380-kV-Leitung: NABU äußert sich kritisch
 
Völlig unverständlich ist für den NABU, dass der Vorhabenträger an keiner Stelle eine Erdverkabelung vorsieht, obwohl dies in der Landesplanerischen Feststellung des Landkreises Emsland zur Maßgabe gemacht wurde. Gerade im Hinblick auf das Schutzgut "Mensch" würden so erhebliche Beeinträchtigungen unnötig billigend in Kauf genommen. Auch seien Alternativtrassen nur unzureichend geprüft oder aus nicht nachvollziehbaren Gründen verworfen worden. 

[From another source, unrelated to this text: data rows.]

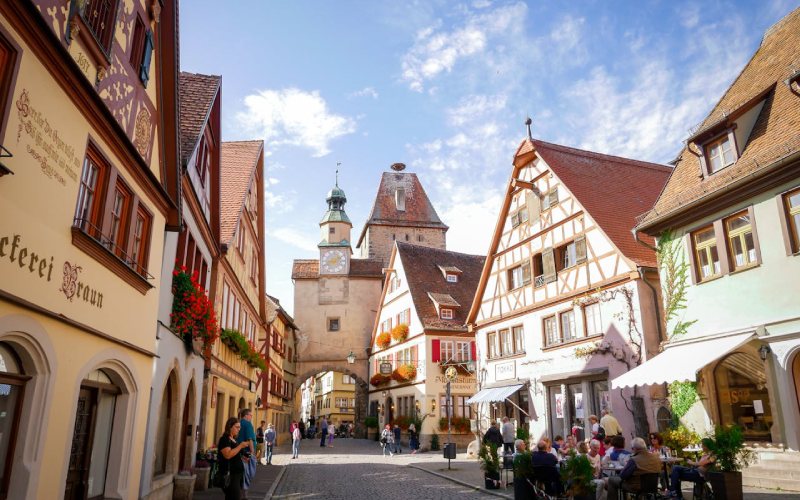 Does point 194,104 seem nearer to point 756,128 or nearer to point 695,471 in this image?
point 695,471

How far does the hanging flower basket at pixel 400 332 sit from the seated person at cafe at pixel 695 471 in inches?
956

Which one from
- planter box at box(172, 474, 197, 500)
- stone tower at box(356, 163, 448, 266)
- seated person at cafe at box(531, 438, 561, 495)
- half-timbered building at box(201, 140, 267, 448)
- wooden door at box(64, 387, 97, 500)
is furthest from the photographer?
stone tower at box(356, 163, 448, 266)

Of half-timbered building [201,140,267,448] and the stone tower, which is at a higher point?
the stone tower

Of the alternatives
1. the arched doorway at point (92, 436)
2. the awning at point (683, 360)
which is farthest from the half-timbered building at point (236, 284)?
the awning at point (683, 360)

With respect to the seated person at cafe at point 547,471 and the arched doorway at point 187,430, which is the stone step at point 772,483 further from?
the arched doorway at point 187,430

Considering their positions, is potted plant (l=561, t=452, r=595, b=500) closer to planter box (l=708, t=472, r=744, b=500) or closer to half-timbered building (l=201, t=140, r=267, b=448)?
planter box (l=708, t=472, r=744, b=500)

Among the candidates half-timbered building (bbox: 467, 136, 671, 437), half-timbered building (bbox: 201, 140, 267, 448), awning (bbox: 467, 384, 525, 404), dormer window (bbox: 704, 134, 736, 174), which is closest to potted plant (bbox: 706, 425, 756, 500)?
dormer window (bbox: 704, 134, 736, 174)

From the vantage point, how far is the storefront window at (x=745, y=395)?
38.6 feet

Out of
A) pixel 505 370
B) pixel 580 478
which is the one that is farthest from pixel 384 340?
pixel 580 478

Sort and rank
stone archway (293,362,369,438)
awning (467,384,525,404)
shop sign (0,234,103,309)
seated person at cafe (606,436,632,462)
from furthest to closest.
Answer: stone archway (293,362,369,438)
awning (467,384,525,404)
seated person at cafe (606,436,632,462)
shop sign (0,234,103,309)

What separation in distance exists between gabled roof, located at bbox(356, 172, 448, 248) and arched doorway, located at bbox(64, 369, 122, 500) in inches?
1940

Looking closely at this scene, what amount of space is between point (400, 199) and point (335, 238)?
40.0ft

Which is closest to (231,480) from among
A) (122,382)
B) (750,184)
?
(122,382)

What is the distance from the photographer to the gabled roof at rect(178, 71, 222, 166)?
11.9 meters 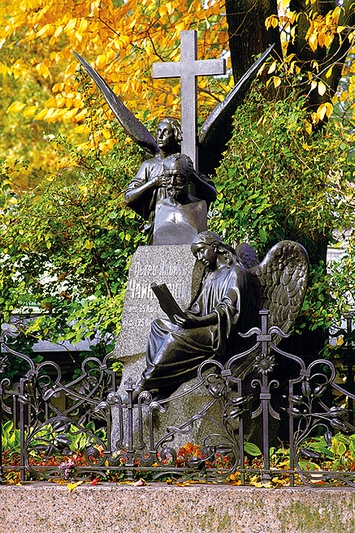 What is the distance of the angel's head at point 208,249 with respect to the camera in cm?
739

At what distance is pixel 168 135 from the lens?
8.30 metres

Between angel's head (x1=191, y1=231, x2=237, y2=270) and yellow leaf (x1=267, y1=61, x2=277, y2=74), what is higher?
yellow leaf (x1=267, y1=61, x2=277, y2=74)

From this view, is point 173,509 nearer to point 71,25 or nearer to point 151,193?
point 151,193

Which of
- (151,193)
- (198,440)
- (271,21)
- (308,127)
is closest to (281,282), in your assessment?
(151,193)

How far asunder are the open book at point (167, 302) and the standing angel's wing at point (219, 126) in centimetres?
216

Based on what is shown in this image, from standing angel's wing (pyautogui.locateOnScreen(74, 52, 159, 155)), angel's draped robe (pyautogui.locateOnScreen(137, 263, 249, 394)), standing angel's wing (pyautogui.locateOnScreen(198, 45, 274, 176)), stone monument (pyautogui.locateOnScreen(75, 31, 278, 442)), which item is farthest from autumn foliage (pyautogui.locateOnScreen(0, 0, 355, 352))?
angel's draped robe (pyautogui.locateOnScreen(137, 263, 249, 394))

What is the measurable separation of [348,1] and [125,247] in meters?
3.60

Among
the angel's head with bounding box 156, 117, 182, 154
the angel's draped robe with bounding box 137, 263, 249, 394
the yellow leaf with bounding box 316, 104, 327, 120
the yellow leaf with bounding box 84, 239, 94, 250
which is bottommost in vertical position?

Weiter kritisieren die Naturschützer, dass die entscheidungserheblichen Gutachten über Lebensräume, Vögel, Fledermäuse, Reptilien und Amphibien nicht mit öffentlich ausgelegt wurden. Allerdings sei schon anhand der ausgelegten Unterlagen erkennbar, dass die Bestandserfassungen wesentliche Mängel aufweisen. So wurden beispielsweise bei den Rastvögeln lediglich 3, statt der erforderlichen 42 Begehungen durchgeführt. Heuschrecken und Tagfalter wurden überhaupt nicht erfasst. Und viele, dem NABU bekannte Vorkommen seltener und gefährdeter Arten (z.B. von Uhu und Kranich) wurden gar nicht festgestellt und folglich auch bei der Planung nicht weiter berücksichtigt. 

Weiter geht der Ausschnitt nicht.